I talk a good game about letting go of what I can’t control, making time for me and for creativity, but the fact of the matter is that for a while now, I haven’t been writing what I need to write: big edits on my manuscript.
I’m getting very frustrated with not having any independent time. Most days look like this for me:
6-9am get everyone up and off to school and work and exercise classes.
9-12ish: Toddler duty sans my live-in mother-in-law while she goes out for her own things most mornings. And that’s fine, because it is important to her to keep fit. While on toddler duty, I can usually focus enough to write a short blog post and garden, thank goodness for gardening. A couple of days a week, do load after load of laundry. Family of six, you know.
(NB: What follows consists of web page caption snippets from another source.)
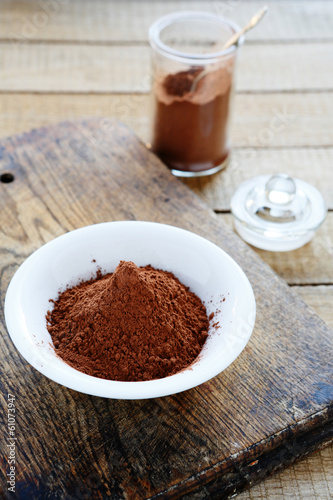 cocoa powder in a bowl and jar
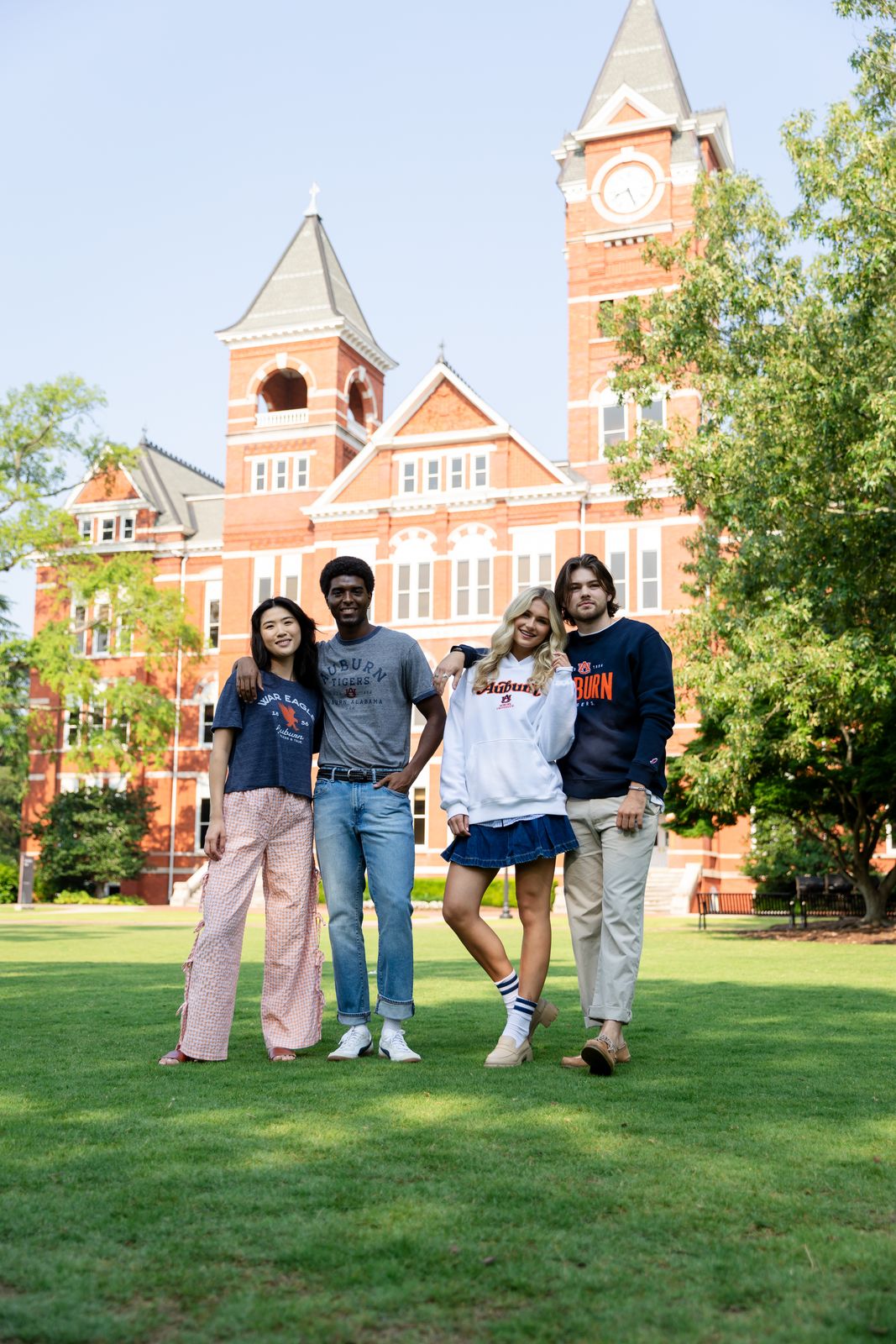 a group of people standing on top of a lush green field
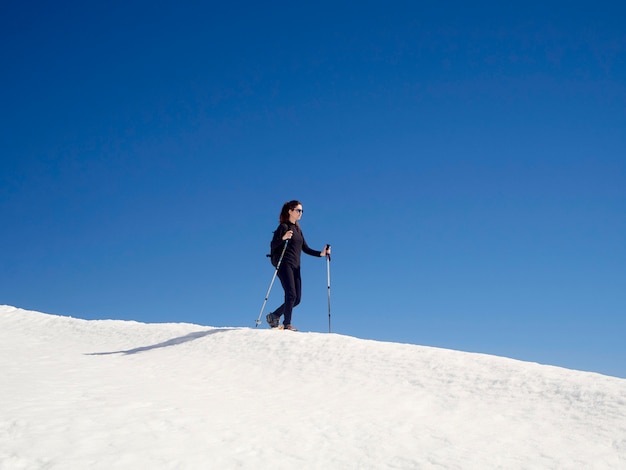 Frau Schneeschuhwandern in San Isidro, León, Spanien an einem sonnigen Tag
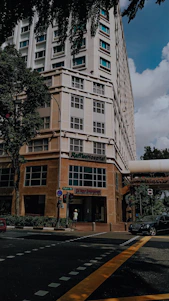 Front view of the hospital building with clear signage and a welcoming entrance.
12-2ish: maybe Toots goes down for nap on the early side, but typically it’s later now, and she is wound up and I have been trying to feed her, myself and get her down for a nap while she alternately squeals and clings or runs around like a maniac, getting into everything, and my mother-in-law arrives back home and sits at her computer to play Farmville and the like. Sometimes we talk well, sometimes she has to get something off her chest after spending the morning out with her sister and friends, and that’s usually when I really start to feel frustrated because I have been here, unable to work on what I really want to focus on: the manuscript, and Toots is out of whack and won’t logically take her nap the way she should. Because her nap is all about me you know. ;)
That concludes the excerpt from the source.